While Signor said that 2018 was “one of our better years” and that the company is now operating profitably in 2019, he said that upstate OTBs should merge their account-wagering operations to capitalize on reduced costs and economies of scale, and said that state legislators need to include OTBs in any law that would open the state up to sports wagering. (Legislative efforts to immediately authorize sports betting in New York failed this year, but efforts on that front are expected to continue next year.)
David O’Rourke, who took the reins as the head of NYRA earlier this year, said at the conference that the OTB companies will not survive unless both the state and the operations make fundamental changes to how they conduct their businesses. Citing his prior experience at NYRA working in the association’s financial development department, O’Rourke said that he used to pore over spreadsheets detailing payments to the OTB companies based on a byzantine labyrinth of laws and regulations.

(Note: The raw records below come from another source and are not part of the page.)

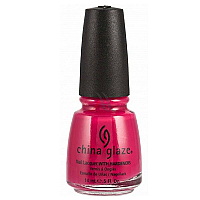 China Glaze Nail Lacquer with Hardener Pink Chiffon 14mL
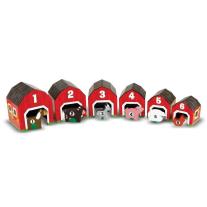Melissa & Doug - Дървена игра за сортиране - Къщички с животни
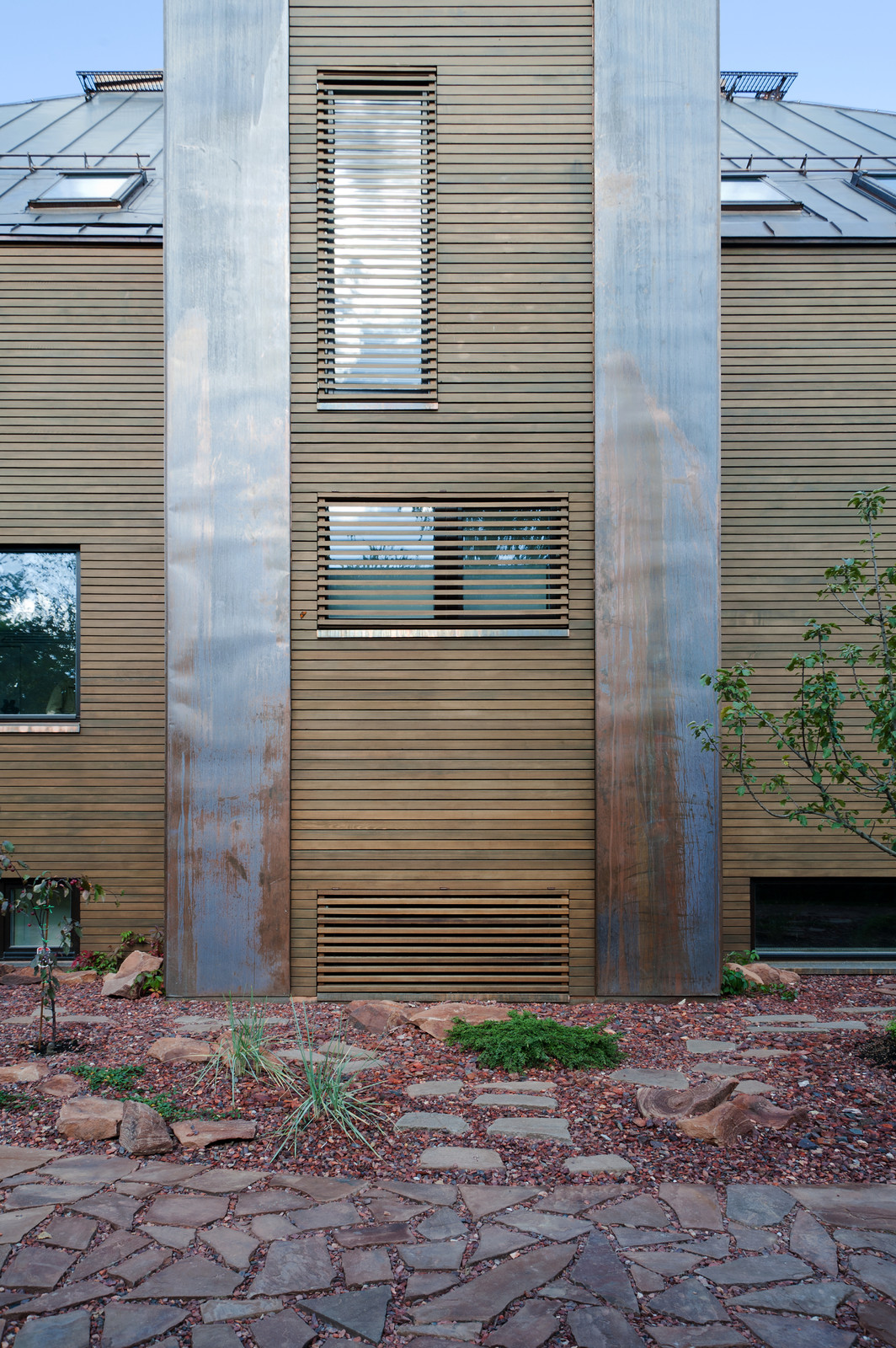 Загородный дом в стиле минимализм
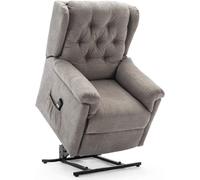 Barnsley Fabric Electric Rise Riser Recliner Mobility Sofa Armchair - Dark Beige
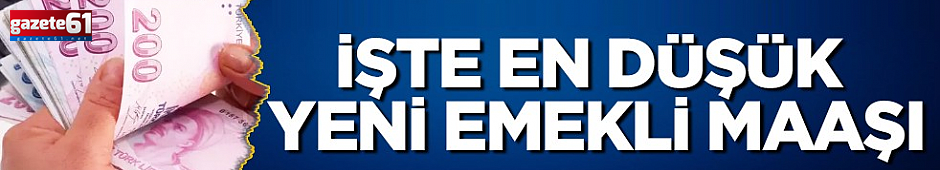 En düşük yeni emekli maaşını "şimdiden" açıkladı!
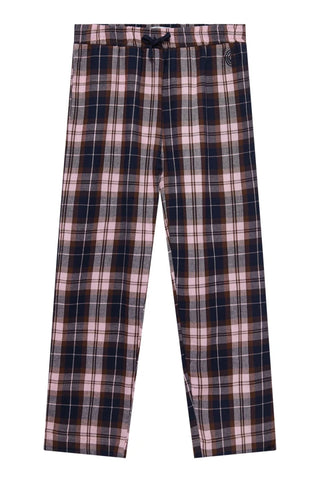 Pantalon de pyjama en coton bio pour femmes mauve - JIM JAM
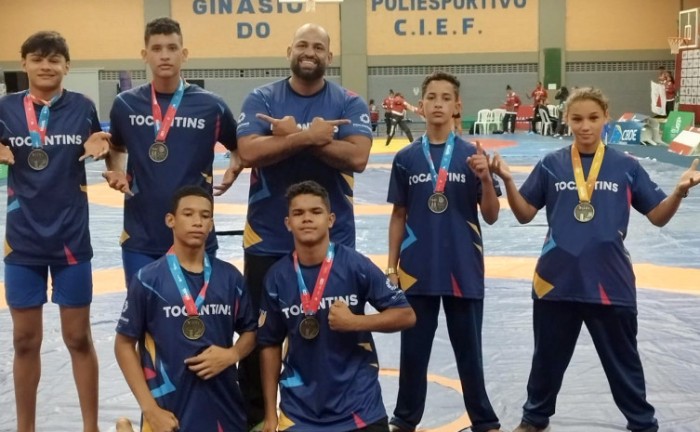 Segundo bloco da delegação do Tocantins conquista sete medalhas no primeiro dia de competição nos Jogos Escolares Brasileiros 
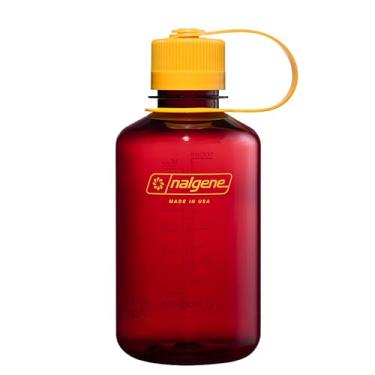 Imagem de Nalgene Garrafa de água Sustain Tritan livre de BPA feita com material derivado de 50% de resíduos de plástico (usando equilíbrio de massa certificado ISCC), 473 ml, boca estreita, Laker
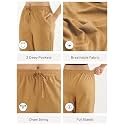 SAADAA Cotton Straight Pants for Women 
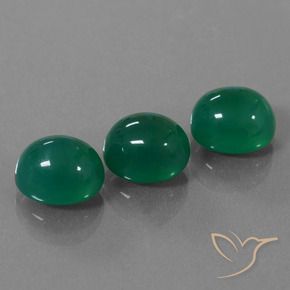 10.68 ct natürliche Mittelgrün Achat-Edelsteine, Oval, Lichtdurchlässig
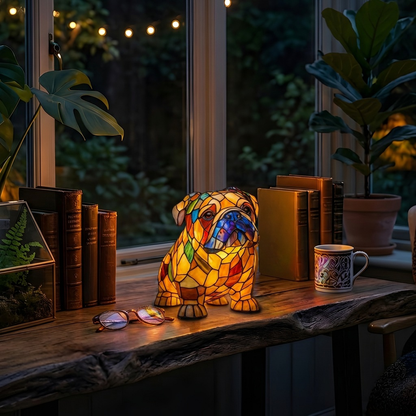 Betoverde Bulldog Lamp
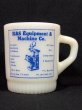 画像1: 60s-70s【FireKing】リブボトムマグ・K&S Equipment＆Machine Co. (1)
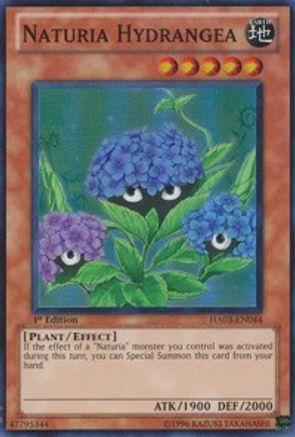 Naturia Hydrangea (HA03-EN044) - Hidden Arsenal 3 1st Edition - Premium Yugioh Single from Konami - Just $0.29! Shop now at Game Crave Tournament Store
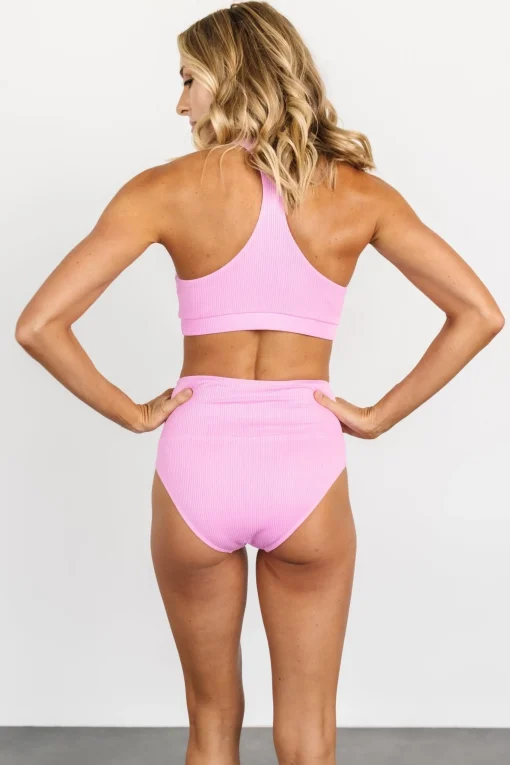 Hot Del Mar Ribbed Bikini Top | bikini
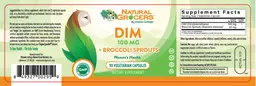 Label for DIM 100 mg + Broccoli Sprouts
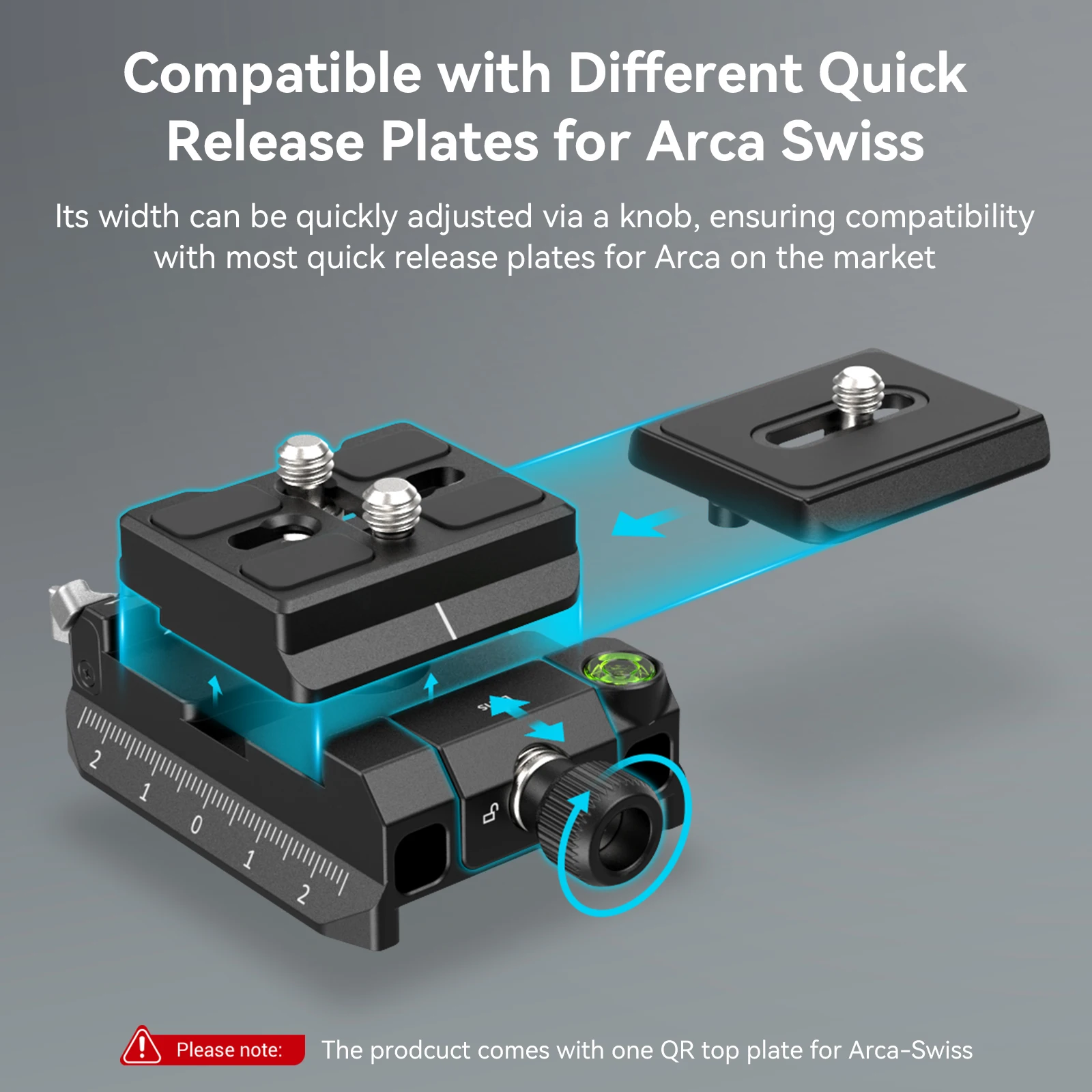 핸드헬드, 스태빌라이저 및 삼각대용 SmallRig Arca-Swiss / Manfrotto 호환 마운트 플레이트 키트 스트림라인 장면 전환 4234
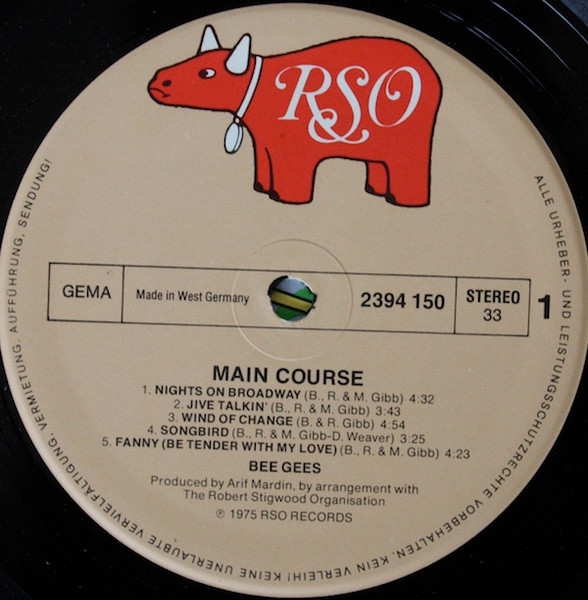 Cover zu Bee Gees - Main Course | 1975 | Vinyl | Rock, Pop | Germany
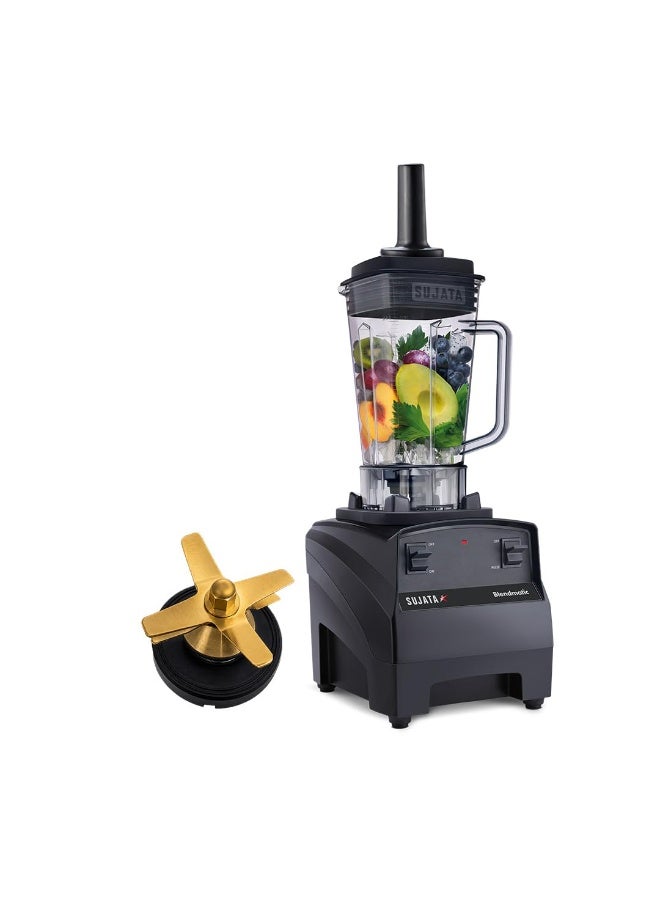 سوجاتا Sujata BLENDMATIC 1000W Commercial Juicer Mixer Grinder | 1750 ml BPA Free Unbreakable Jar | Overload Protection | Commercial Heavy Duty Blender, Powerfull & High Speed Motor | Black - Image 1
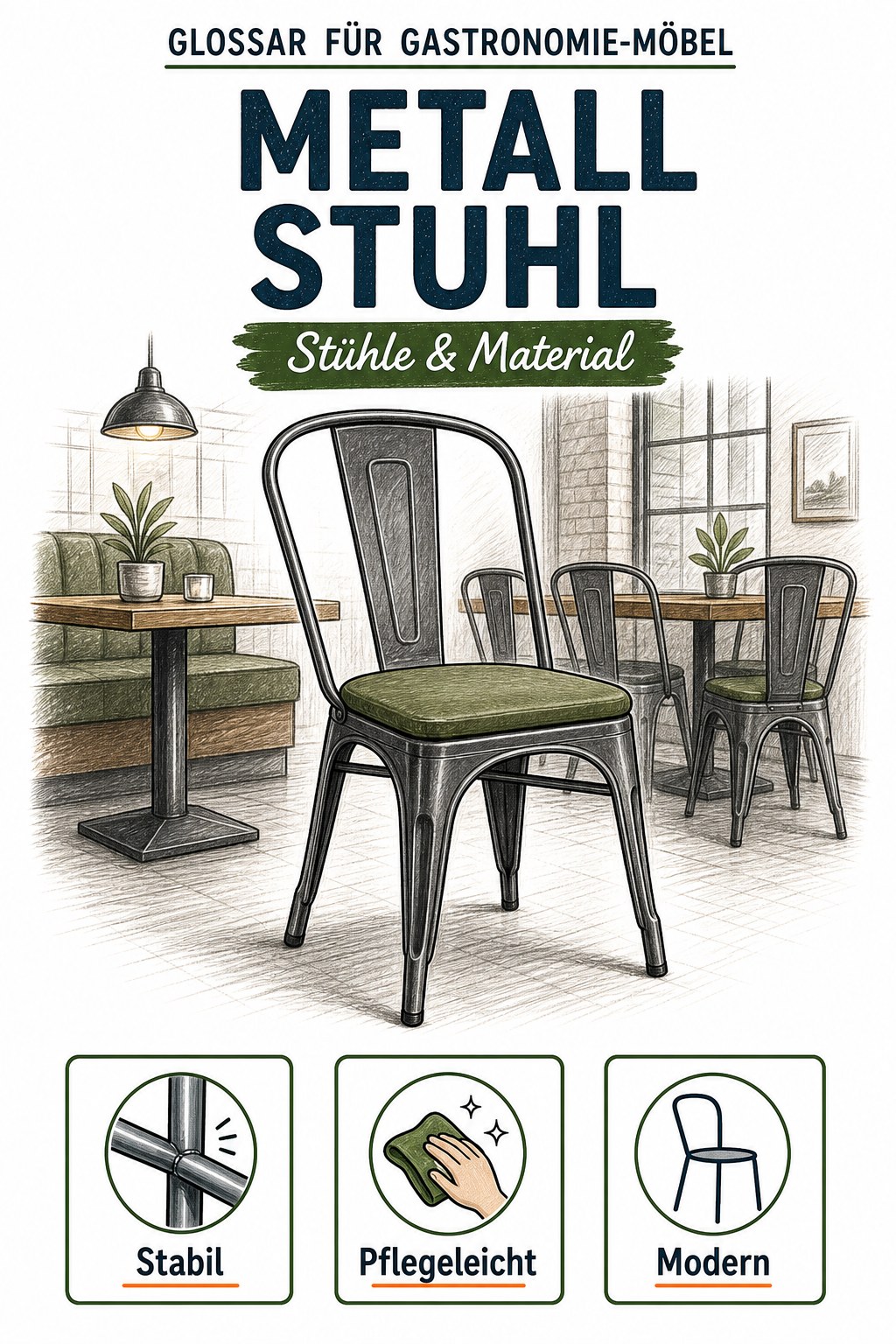 Metallstuhl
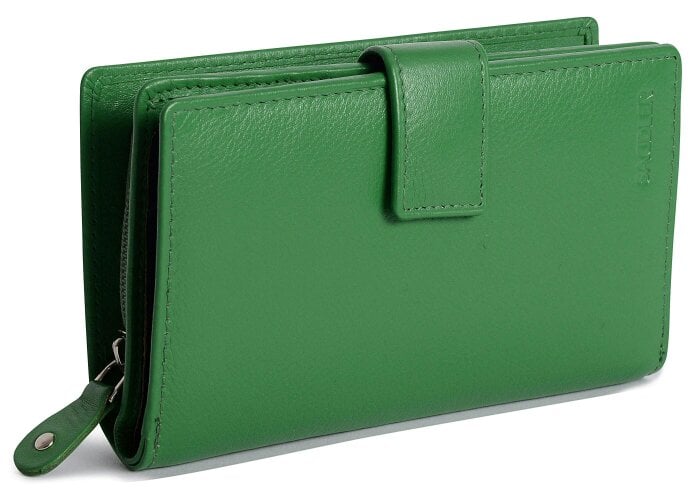 SADDLER Mid-Size Leather Purse Wallet  "Holly" – Handmade by Saddler | RFID Protected & Gift Boxed - Jelly Bean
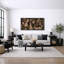 Impression sur toile encadrée moderne moderne de forme organique abstraite brune-125011620-125011621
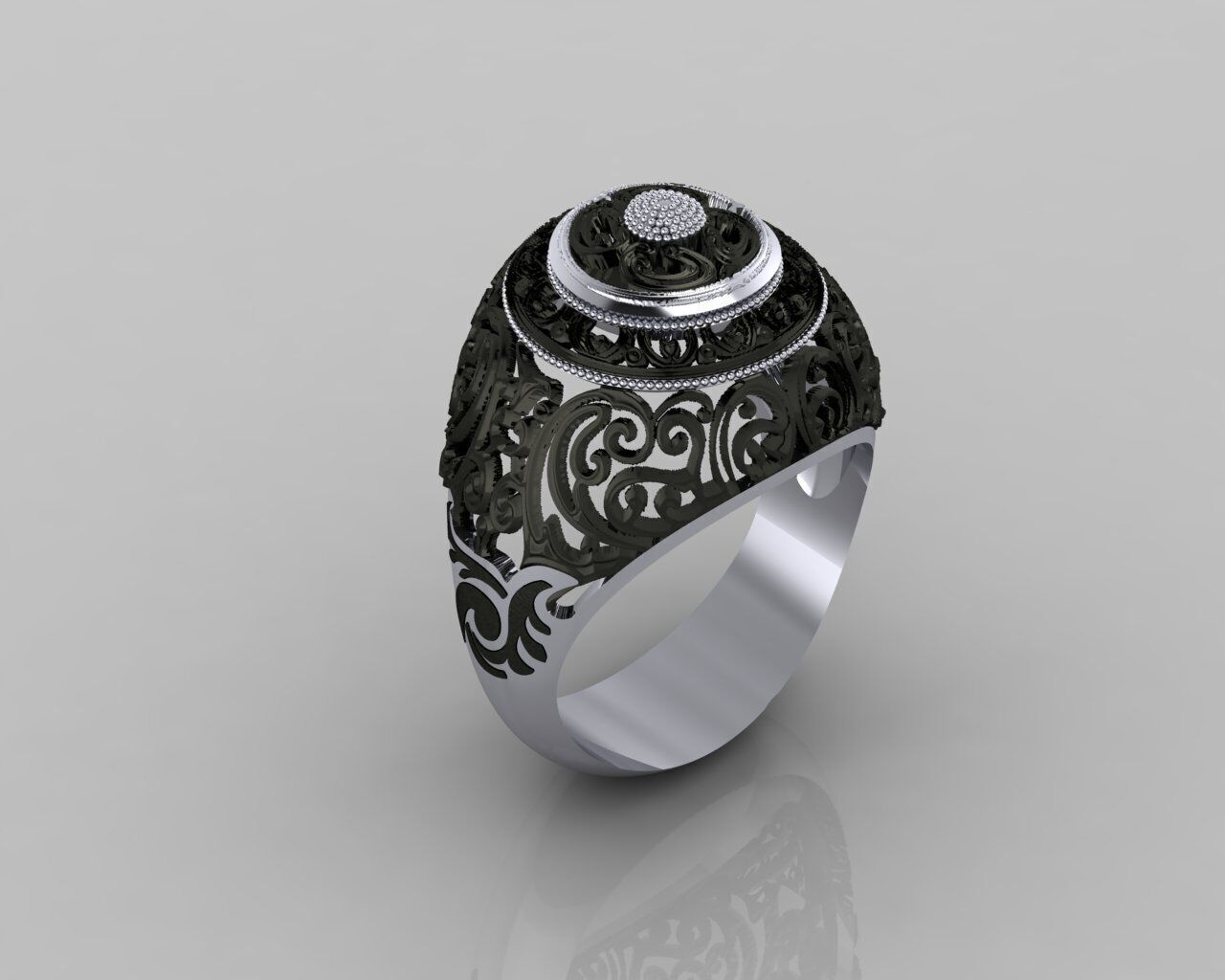 Women Ring 3D print model_25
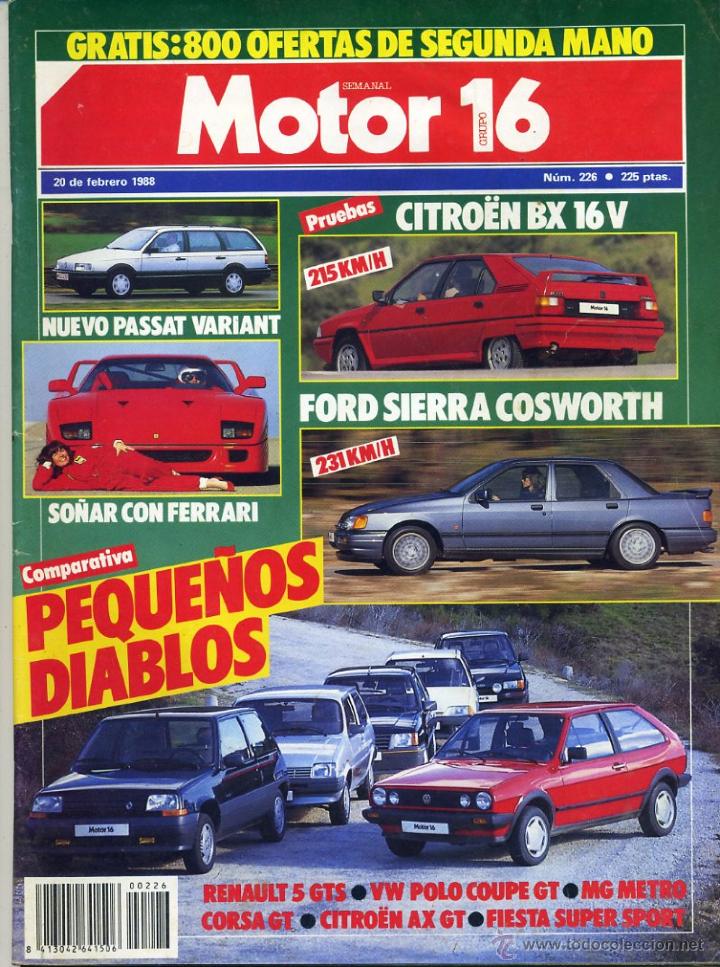 Coches: Motor16 N&ordm;226 de febreo del 1988,Comparativa peque&ntilde;os diablos,  Citro&euml;n BX 16V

“It honestly seems like I have a Ph.D in failed economic theory,” O’Rourke said.
One potential solution to the companies’ troubles, O’Rourke said, would be a massive rework of the revenue laws that would enable both NYRA and the OTB companies to operate with a freer hand. Along with Signor, O’Rourke cited a regulation on the books that requires New York’s harness tracks to be “held harmless” if Thoroughbred tracks are offered at night, which results in many OTBs losing money when they offer betting on night-time Thoroughbred signals while sending meager payments to harness tracks that already operate lucrative casinos.
“We’re both competing with our arms behind our backs,” O’Rourke said, citing the patchwork of regulations.
While O’Rourke stopped short of calling for a merger of the OTBs with NYRA, the final panelist, Jack Jeziorski, said that the only solution to saving the OTB business in New York was to put control of the state’s off-track business in the hands of NYRA. That would mean merging all account-wagering operations with NYRABets, which would vastly increase profit margins on telephone and computer betting in the state, Jeziorski said, and give NYRA the authority and incentive to go back into New York City, using bricks-and-mortar models that work best to attract new and existing customers.
Jeziorksi, the executive vice president of Monarch Content Managment, put up graphs in his presentation showing dwindling net operating returns for New York’s OTBs, and said that he did not see a reasonable way for that trend to reverse under the current system, even with minor tweaks. If that’s the case, then New York’s localities will eventually lose the meager payments they currently get from their racing operations, so why not force the change prior to that?
“At some point they are all going to be in the hole,” Jeziorski said, “and they will be unable to dig out of it unless there is some major change.”
Jeziorski also said that the opportunity to merge the operations with NYRA had never been better, citing his work with O’Rourke over the past 10 years and O’Rourke’s recent elevation to chief executive officer.
“This guy gets it,” Jeziorski said, pointing to O’Rourke. “He understands the needs of the industry to go forward.”